> **What needs to be done**
Nothing but the lines from the one with "pilatus-pc-7-flugzeug-1" down to the one with "LUK_HKSEVENS_23-04-02-09-43-23_1468.jpg" should be returned, exactly and with both ends included, from the material below.
BEGIN Data provided
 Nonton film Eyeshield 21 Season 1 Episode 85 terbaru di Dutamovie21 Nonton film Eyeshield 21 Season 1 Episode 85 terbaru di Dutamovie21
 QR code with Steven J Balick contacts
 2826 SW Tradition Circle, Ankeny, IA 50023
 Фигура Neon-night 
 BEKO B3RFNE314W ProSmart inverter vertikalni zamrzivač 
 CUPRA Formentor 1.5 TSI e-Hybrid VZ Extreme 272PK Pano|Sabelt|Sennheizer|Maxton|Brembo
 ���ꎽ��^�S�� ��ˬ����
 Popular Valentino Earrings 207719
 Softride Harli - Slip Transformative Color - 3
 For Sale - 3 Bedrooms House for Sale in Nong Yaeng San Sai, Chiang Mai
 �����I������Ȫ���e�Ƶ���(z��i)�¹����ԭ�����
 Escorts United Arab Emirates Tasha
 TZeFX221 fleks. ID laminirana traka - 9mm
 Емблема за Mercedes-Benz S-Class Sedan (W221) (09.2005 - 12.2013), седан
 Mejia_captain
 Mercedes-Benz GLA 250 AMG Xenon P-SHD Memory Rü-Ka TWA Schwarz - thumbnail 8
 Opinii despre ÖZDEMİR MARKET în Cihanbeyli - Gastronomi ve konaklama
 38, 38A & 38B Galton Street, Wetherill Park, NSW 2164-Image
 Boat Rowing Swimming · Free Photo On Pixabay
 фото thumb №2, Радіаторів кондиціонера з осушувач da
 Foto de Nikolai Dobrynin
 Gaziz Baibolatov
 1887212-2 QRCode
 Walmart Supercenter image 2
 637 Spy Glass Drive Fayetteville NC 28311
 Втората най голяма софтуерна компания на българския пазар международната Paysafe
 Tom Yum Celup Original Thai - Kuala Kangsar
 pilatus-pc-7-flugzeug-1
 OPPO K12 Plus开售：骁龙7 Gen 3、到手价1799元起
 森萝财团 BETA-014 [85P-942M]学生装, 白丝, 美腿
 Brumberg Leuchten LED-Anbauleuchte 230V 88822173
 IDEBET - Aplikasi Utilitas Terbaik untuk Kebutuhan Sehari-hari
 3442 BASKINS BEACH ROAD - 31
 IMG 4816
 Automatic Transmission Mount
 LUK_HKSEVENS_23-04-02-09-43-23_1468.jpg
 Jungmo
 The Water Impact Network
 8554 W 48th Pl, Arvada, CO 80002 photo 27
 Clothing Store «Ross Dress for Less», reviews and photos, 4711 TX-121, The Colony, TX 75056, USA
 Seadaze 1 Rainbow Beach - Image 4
END Data provided
> **Your solution**
 pilatus-pc-7-flugzeug-1
 OPPO K12 Plus开售：骁龙7 Gen 3、到手价1799元起
 森萝财团 BETA-014 [85P-942M]学生装, 白丝, 美腿
 Brumberg Leuchten LED-Anbauleuchte 230V 88822173
 IDEBET - Aplikasi Utilitas Terbaik untuk Kebutuhan Sehari-hari
 3442 BASKINS BEACH ROAD - 31
 IMG 4816
 Automatic Transmission Mount
 LUK_HKSEVENS_23-04-02-09-43-23_1468.jpg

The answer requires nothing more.